In opportunistically bringing forward a period of maintenance to coincide with a period of low margins, Shell is acting very much as an oil refiner would.
Supply glut extended
According to Shell’s latest annual LNG outlook, published in February, financial investment decisions (FIDs) on multiple large new liquefaction projects over the past 18 months will extend the period of LNG oversupply from the early 2020s into the mid-2020s, with the exact timing of Qatar’s planned 46mn mt/yr expansion a major wildcard.
Yet “we expect equilibrium to return, driven by a combination of continued demand growth and reduction in the new supply coming on-stream until the mid-2020s,” the company said, referring to forecasts which see LNG demand doubling to 700mn mt/yr by 2040.
The statement is questionable on two related grounds.
First, the idea of market equilibrium is more theoretical than real; markets are in a constant state of flux moving to or away from equilibrium -- they tend not to reach this happy point and stay there for any length of time. Second, a reduction in new supply coming on-stream until the mid-2020s, which will determine the supply/demand balance in the late 2020s, is by no means certain.
LNG investment on the supply side is decidedly lumpy and, in terms of behaviour, herd-like. Only two years ago the demand/supply gap looked positive for new investment coming on-stream in the early 2020s, based on FIDs which needed to be taken at least five years previously.
When conditions looked good for one project, they looked good for a lot of projects and there is no shortage of potential new liquefaction schemes. The result was a stampede, as Shell notes, triggering FIDs for 71mn mt/yr of new capacity, eradicating the supply shortfall of the early 2020s and pushing the point of theoretical equilibrium back into the mid-2020s.

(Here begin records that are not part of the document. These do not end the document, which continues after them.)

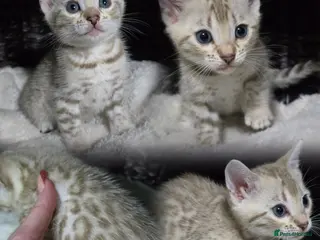 Bengal cats 3 lovely girls and 1 boy ready for reservation - Advert 6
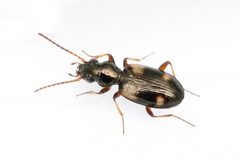Bembidion quadrimaculatum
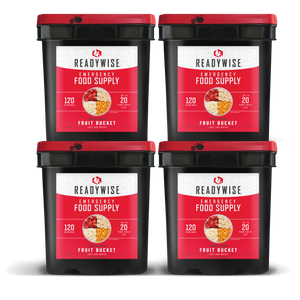 480 Serving Freeze Dried Fruit Bucket (4, 120 serving buckets) - UPC:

But who is to say history will not repeat itself? The long-lead time required for large-scale LNG means companies have to commit early. Other companies follow -- not to miss out on the opportunity -- and all eventually suffer as the industry as a whole over-commits based on individual decisions, each of which appears rational at the company level.
Lessons can be learned from the oil market’s busts and booms, which have been tempered by the role of Opec in stabilising oil supply.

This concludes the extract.